Segment Start: Supplied material

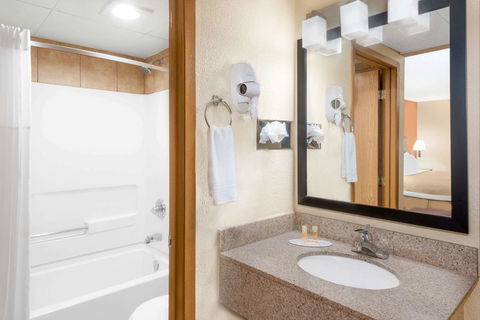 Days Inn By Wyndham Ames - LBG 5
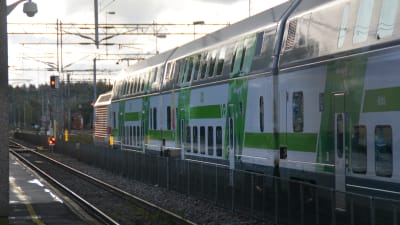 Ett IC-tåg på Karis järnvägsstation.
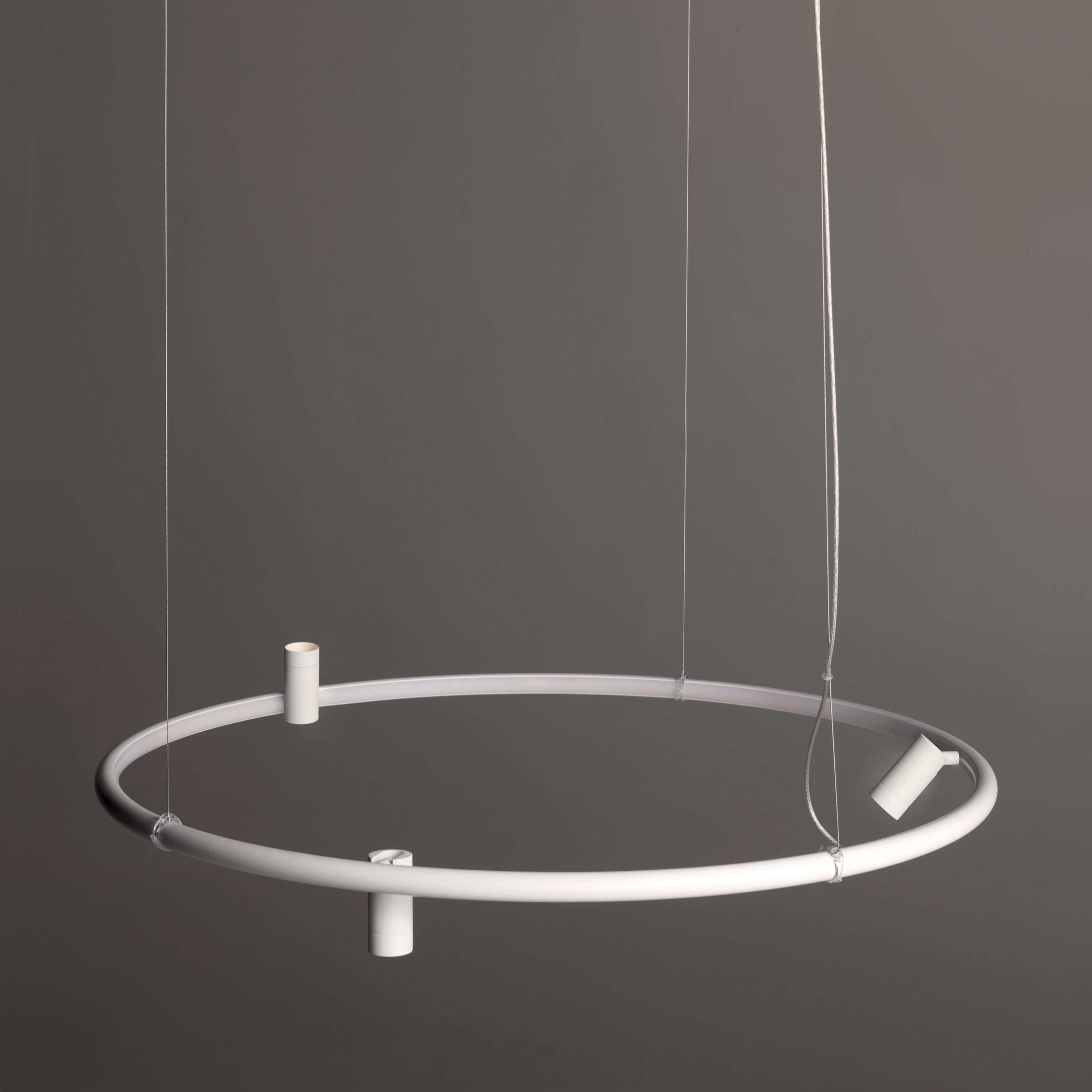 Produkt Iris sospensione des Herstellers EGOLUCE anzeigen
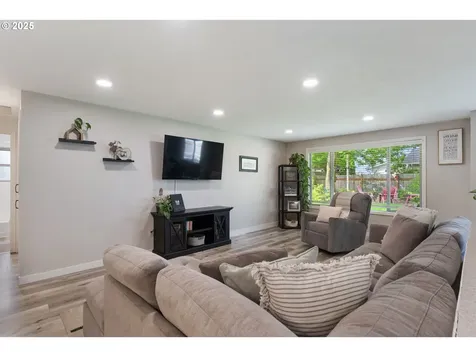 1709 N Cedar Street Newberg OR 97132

Segment End: Supplied material

:: What you are asked to do ::
Write out the material above without changing a word, and skip any picture.

:: Exercise solution ::
 Days Inn By Wyndham Ames - LBG 5
 Ett IC-tåg på Karis järnvägsstation.
 Produkt Iris sospensione des Herstellers EGOLUCE anzeigen
 1709 N Cedar Street Newberg OR 97132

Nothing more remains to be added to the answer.